When you use a render pipeline state following this vertex descriptor, you bind you vertex buffer to it like so:

[renderEnc setVertexBuffer:vertices offset:0 atIndex:kIRVertexBufferBindPoint];

Visible function vertex fetch

Metal vertex fetch is fast and requires very little setup at both IR conversion time and at pipeline state object creation time. In some situations, however, if your IR requires very flexible datatype conversions, you need to use a separate stage-in function.
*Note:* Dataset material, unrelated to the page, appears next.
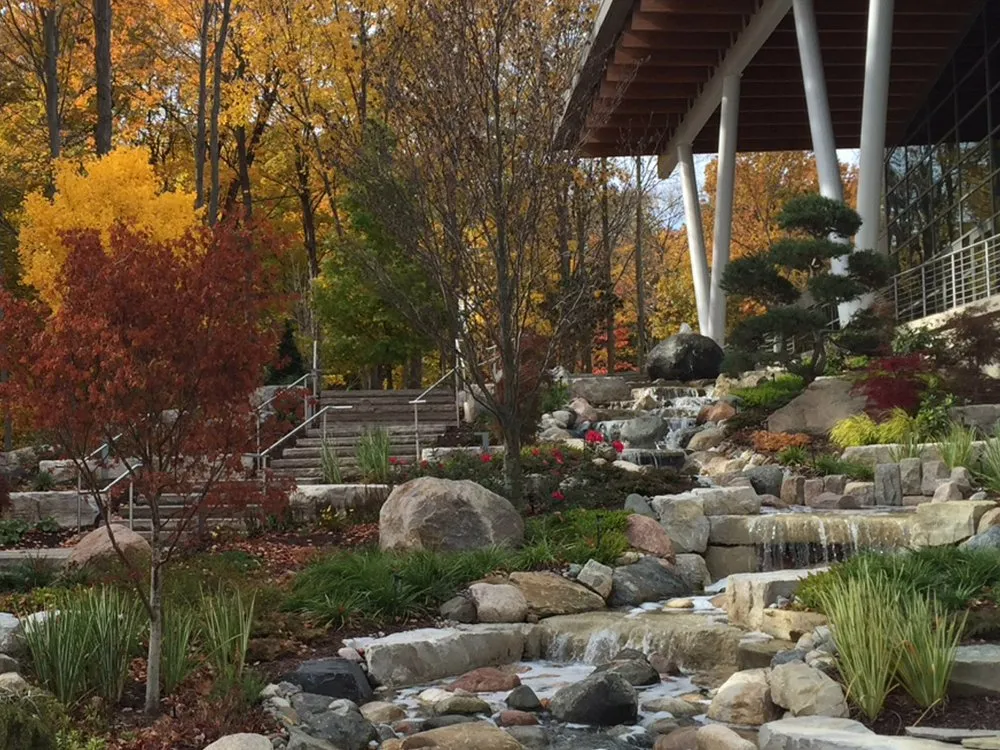 Top-rated outdoor landscaping for outdoor upgrades across Haslett, MI - Luke Landscape Company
To synthesize a separate vertex stage-in function, pass configuration parameter IRStageInCodeGenerationModeUseSeparateStageInFunction to function IRCompilerSetStageInGenerationMode in the libmetalirconverter library before compiling your vertex stage and call IRMetalLibSynthesizeStageInFunction afterward to generate the stage-in function.
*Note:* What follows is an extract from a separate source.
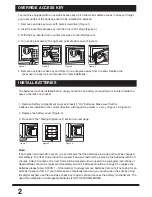 Preview for 4 page of Honeywell 5005 Operations & Installation Manual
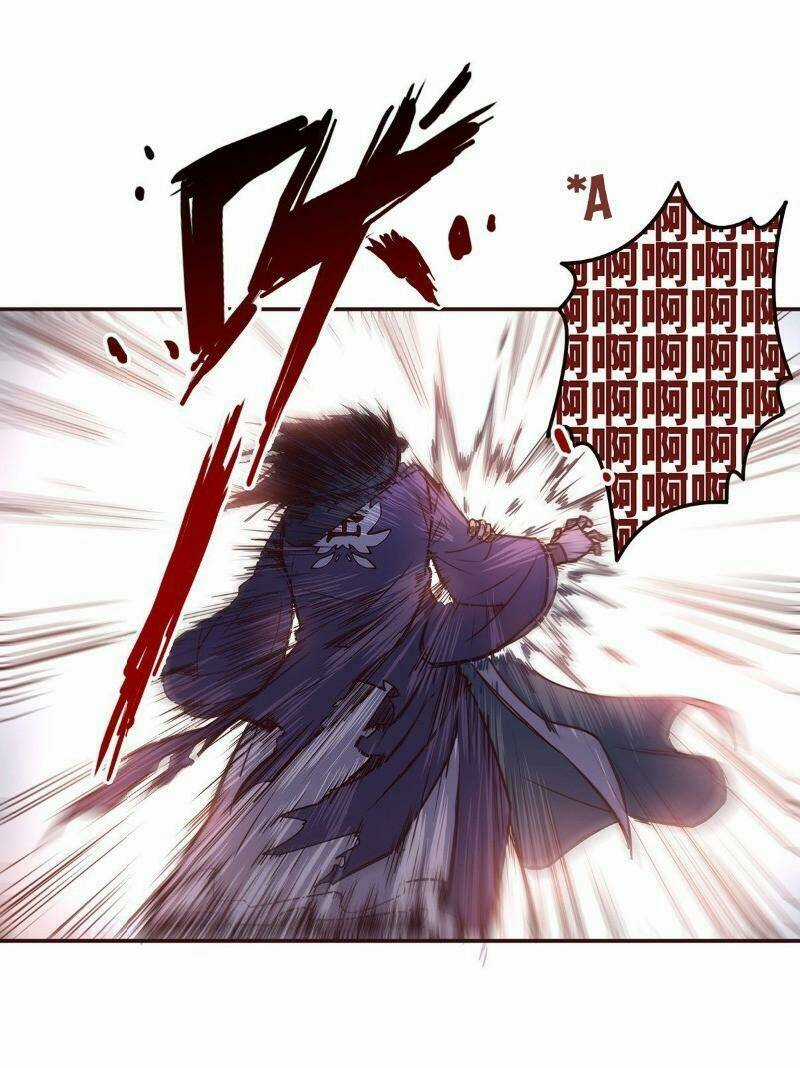 Sinh Tử Quyết - Chapter 18 - Trang 33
You can also use the command-line argument --vertex-stage-in to direct the Metal shader converter standalone tool to produce both a vertex function and a separate stage-in function. Metal shader converter stores each function in its own metallib.

The Metal shader converter generates separate stage-in functions as Metal visible functions that you need to link to your pipeline state via its descriptor’s linkedFunctions property. At runtime, the converted shader code automatically invokes the visible stage-in function, performing any needed type conversions or apply dynamic offsets via software.
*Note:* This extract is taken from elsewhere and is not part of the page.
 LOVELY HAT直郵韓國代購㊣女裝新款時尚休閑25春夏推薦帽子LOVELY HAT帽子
The following example compiles a vertex shader that leverages a separate stage-in function:

IRObject* pIR = // input IR

IRCompiler* pCompiler = IRCompilerCreate();

// Synthesize a separate stage-in function by providing a vertex input layout:
IRVersionedInputLayoutDescriptor inputDesc;
inputDesc.version = IRInputLayoutDescriptorVersion_1;
	inputDesc.desc_1_0.numElements = 3;
	inputDesc.desc_1_0.semanticNames[0] = "POSITION";
	inputDesc.desc_1_0.semanticNames[1] = "COLOR";
	inputDesc.desc_1_0.semanticNames[2] = "TEXCOORD";
	inputDesc.desc_1_0.inputElementDescs[0] = {
		.semanticIndex = 0,
        .format = IRFormatR32G32B32A32Float,
        .inputSlot = 0,
        .alignedByteOffset = 0,
        .inputSlotClass = IRInputClassificationPerVertexData,
        .instanceDataStepRate = 0 /* needs to be 0 for per-vertex data */
	};
	inputDesc.desc_1_0.inputElementDescs[1] = {
		.semanticIndex = 0,
		.format = IRFormatR32G32B32A32Float,
		.inputSlot = 1,
		.alignedByteOffset = sizeof(float)*4,
		.inputSlotClass = IRInputClassificationPerVertexData,
        .instanceDataStepRate = 0 /* needs to be 0 for per-vertex data */
	};
	inputDesc.desc_1_0.inputElementDescs[2] = {
		.semanticIndex = 0,
		.format = IRFormatR32G32B32A32Float,
		.inputSlot = 2,
		.alignedByteOffset = sizeof(float)*4*2,
		.inputSlotClass = IRInputClassificationPerVertexData,
        .instanceDataStepRate = 0 /* needs to be 0 for per-vertex data */
	};

IRError* pError = nullptr;
IRCompilerSetStageInGenerationMode(pCompiler,
                              IRStageInCodeGenerationModeUseSeparateStageInFunction);
IRObject* pIR = IRCompilerAllocCompileAndLink(pCompiler, nullptr, pIR, &pError);

// Validate pIR != null and no error.

IRShaderReflection* pVertexReflection = IRShaderReflectionCreate();
IRObjectGetReflection(pIR, IRShaderStageVertex, pVertexReflection);

IRMetalLibBinary* pStageInMetalLib = IRMetalLibBinaryCreate();
bool success = IRMetalLibSynthesizeStageInFunction(pCompiler,
                                                   pVertexReflection,
                                                   &nputDesc,
                                                   pStageInMetalLib);

// Verify success

IRMetalLibBinary* pVertexStageMetalLib = IRMetalLibBinaryCreate();
success = IRObjectGetMetalLibBinary(pIR, IRShaderStageVertex, pVertexStageMetalLib);

// Verify success

if (pError)
{
    IRErrorDestroy(pError);
}

IRMetalLibBinaryDestroy(pVertexStageMetalLib);
IRMetalLibBinaryDestroy(pStageInMetalLib);
IRShaderReflectionDestroy(pVertexReflection);
IRObjectDestroy(pIR);
IRCompilerDestroy(pCompiler);

At runtime, after you generate a separate stage-in function, you need to create the pipeline state object by linking the functions together. The next example shows how:

id<MTLDevice> device = MTLCreateSystemDefaultDevice();

id<MTLLibrary> vertexLib = [device newLibraryWithData: /* vertex stage metallib */ ];

id<MTLLibrary> stageInLib = [device newLibraryWithData: /* stage-in metallib */ ];

MTLRenderPipelineDescriptor* rpd = [[MTLRenderPipelineDescriptor alloc] init];
rpd.vertexFunction = 
		  [vertexLib newFunctionWithName:vertexLib.functionNames.firstObject];

MTLLinkedFunctions* linkedFunctions = [[MTLLinkedFunctions alloc] init];
linkedFunctions.functions = @[
		  [stageInLib newFunctionWithName:stageInLib.functionNames.firstObject]
];
rpd.vertexLinkedFunctions = linkedFunctions;

// ... continue configuring the pipeline state descriptor...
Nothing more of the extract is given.